La Cour Suprême est souvent présentée comme garante de la démocratie pour le respect des droits de l’homme en Israël. Cependant, ses décisions concernant la question palestinienne ne laissent personne indifférent. Certaines ont été contestées - pour des raisons différentes et parfois opposées - aussi bien
par la communauté internationale que par certains courants de la société israélienne.
Comment la Cour Suprême aborde et gère-t-elle la question de l’occupation des Territoires palestiniens par l’État d’Israël ?
Entretien avec le professeur David Kretzmer.


Professeur, quel est le statut légal de la Cisjordanie et de la bande de Gaza aujourd’hui ?

Selon la communauté internationale, ils sont considérés depuis 1967 comme Territoires occupés.
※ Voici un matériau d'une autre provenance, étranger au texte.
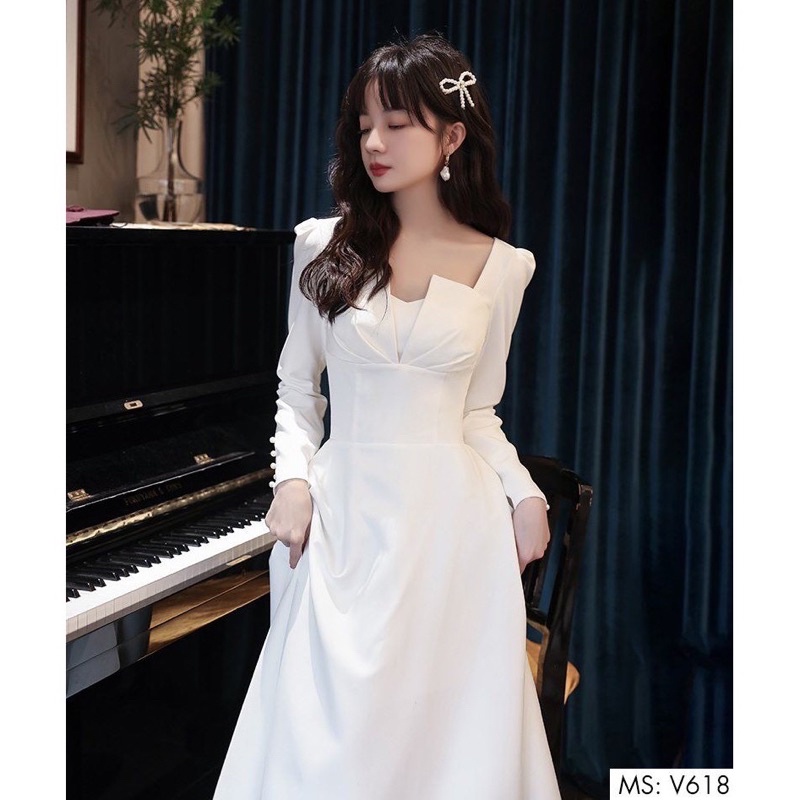 Đầm xoè tay dài bồng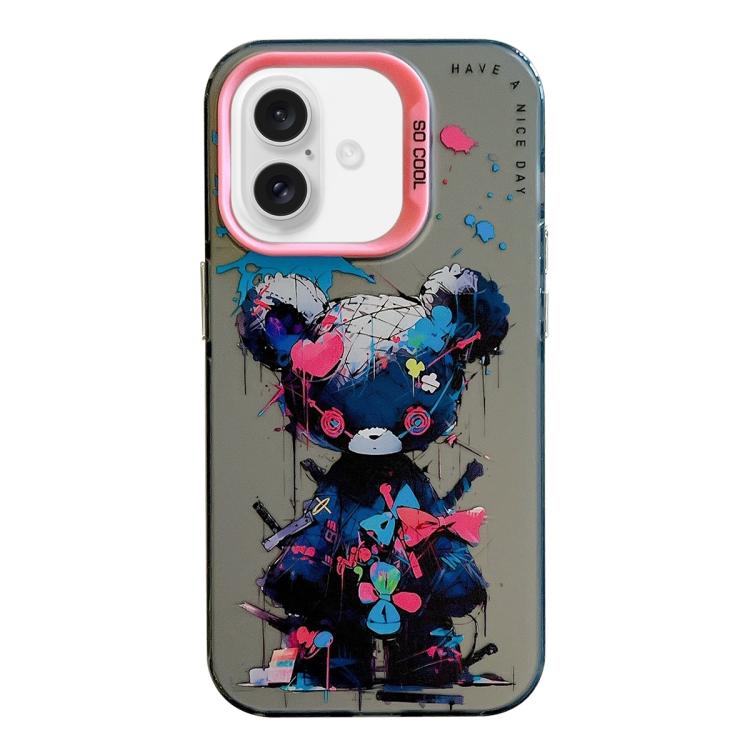 For iPhone Air Animal Pattern Oil Painting Series PC + TPU Phone Case(Tattered Bear)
Il n’y a pas de doute là dessus : c’est mentionné dans les résolutions du Conseil de sécurité des Nations-Unies et dans les opinions de la Cour Internationale de Justice. Presque tous les États du monde – sauf rares exceptions – considèrent la Cisjordanie comme occupée par l’État d’Israël.
Mais depuis que la question du statut légal de ces territoires est arrivée à la Cour Suprême d’Israël pour la première fois, les autorités israéliennes ont essayé de l’éviter. Ils ont préféré simplement dire qu’ils agissent en respect du droit international relatif à l’occupation belligérante (Law of Belligerent Occupation) en ce qui concerne ces territoires. L’occupation belligérante est réglée par la 4e Convention de Genève et celle de la Haye de 1907.

Donc la Cour Suprême, en fin de compte, qualifie de « occupés » ces territoires…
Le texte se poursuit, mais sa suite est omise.